Sunday, September 7, 2014

As Above, So Below review



          
                 In what’s perhaps the weirdest not-sequel to “Lara-Croft: Tomb Raider,” found footage horror oddity “As Above, So Below” manages to continually up the ante of its premise while continually failing to deliver on it.  It’s a gimmicky movie obsessed with nodding to genre tropes—both from horror-films and adventure pulp—but lacks any sense of cathartic pay-off. Accidentally, the film does occasionally slip into an anarchic absurdity that keeps things moving but ultimately fumbles its B-movie aspirations.
                Scarlett (Perdita Weeks) is an academic explorer continuing her father’s life-long research of the mysterious sorcerer known as Nicolas Flemel, on the search for the Philosopher’s Stone.  After deducing the location of the stone, hundreds of feet within the catacombs under the streets Paris, she convinces her old friend and colleague George (Ben Feldman) and her nervous camera man Benji (Edwin Hodge) to aid in her discovery.  A group of street-wise Parisians show the bullheaded anthropologists the quick ways through the dark corridors and the secret passages with the hopes of splitting the ancient treasure amongst themselves, but after getting lost and scared they decide to break through a forbidden tunnel, later finding themselves circling back on their path, passing occultists and suffering strange hallucinations tied to the darkest moments of their personal hells.
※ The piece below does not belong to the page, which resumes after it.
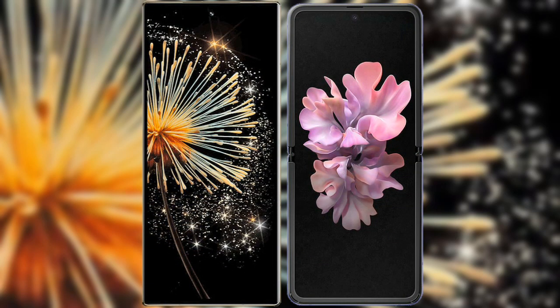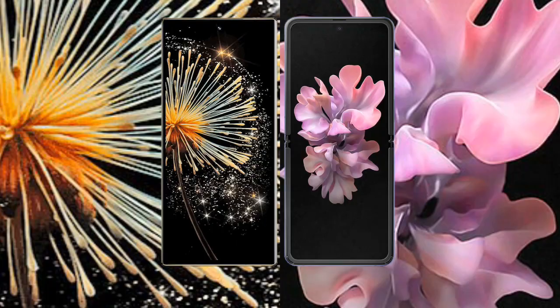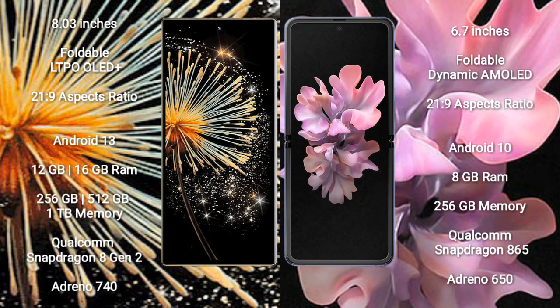I will compare the new Xiaomi Mix Fold 3 with Samsung Galaxy Z Flip 5G. The Xiaomi Mix Fold 3 features an 8-inch foldable LTPO OLED Plus display with an aspect ratio of 21:9. The Samsung Galaxy Z Flip 5G features a 6.7-inch foldable Dynamic AMOLED display with an aspect ratio of 21:9.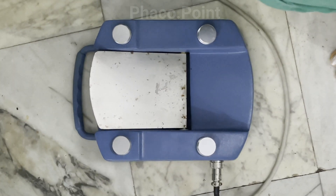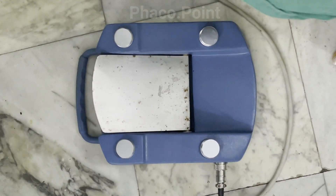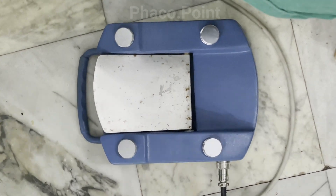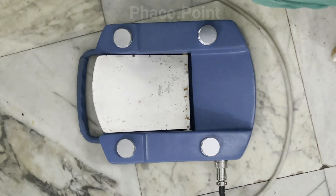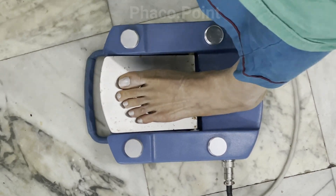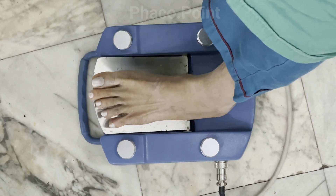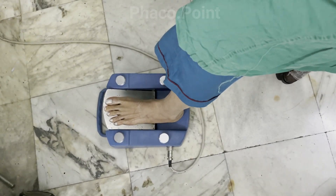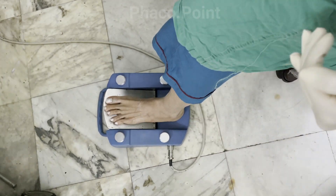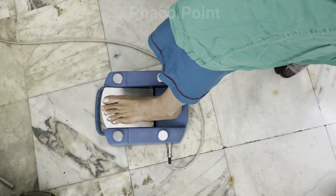It is extremely important for all novice FACO surgeons to become thoroughly familiar with the foot pedal before they ever hold the handpiece and start sculpting in their first case. Not only should they know how far in or out the foot pedal needs to be placed, but also the correct angle of the knee — which should be more than 90 degrees — to allow for smooth dorsiflexion and plantarflexion movement of the foot.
                Despite a general sense of ineptitude with its material, this film does have the benefit of great natural location, ripe for horror potential. The caves and catacombs, some of which are a set, some of which are not, certainly create a building sense of claustrophobia and chaos, especially when the perspective shifts between each member of the team—all of which are recording with camera headsets.  The ‘found-footage’ conceit, now beyond over-played, actually has a dramatic purpose here, as the limited camera placement allows for effective build-up and surprise when our characters are unable to see ten feet ahead in any direction.  However, when we do finally creep around the corner to see the boogie men or the Satanists or the mysterious apparitions the accumulated dread exhales in disappointingly pedestrian horror imagery.  Never mind the internal logic of this film as the character’s run headfirst into further danger after getting picked off one by one, viewing multiple forms unexplainable terror, but somehow manage to avoid it once they need to backtrack to retrace their steps.
                The first-person perspective combined with the constant puzzle-solving to advance from one set-piece to another quickly starts to resemble the storytelling mechanics a survival-oriented videogame, to the point where I began to reach out to the screen with my hands clasped around an invisible controller, leaning in my seat and toggling left and right to avoid the spooks.  But, in this regard, I have to say that with your expectations placed appropriately low “As Above, So Below” is the kind of Sunday matinĂ©e schlock that has a base-level (though not entirely intentional) entertainment value.  It isn’t terribly committed to being scary, and you might wish that “Quarantine” director John Erick Dowell would have utilized his unique location with a better screenplay, but as a grown-up Goonies-like adventure or virtual haunted-house ride it almost, just barely, works.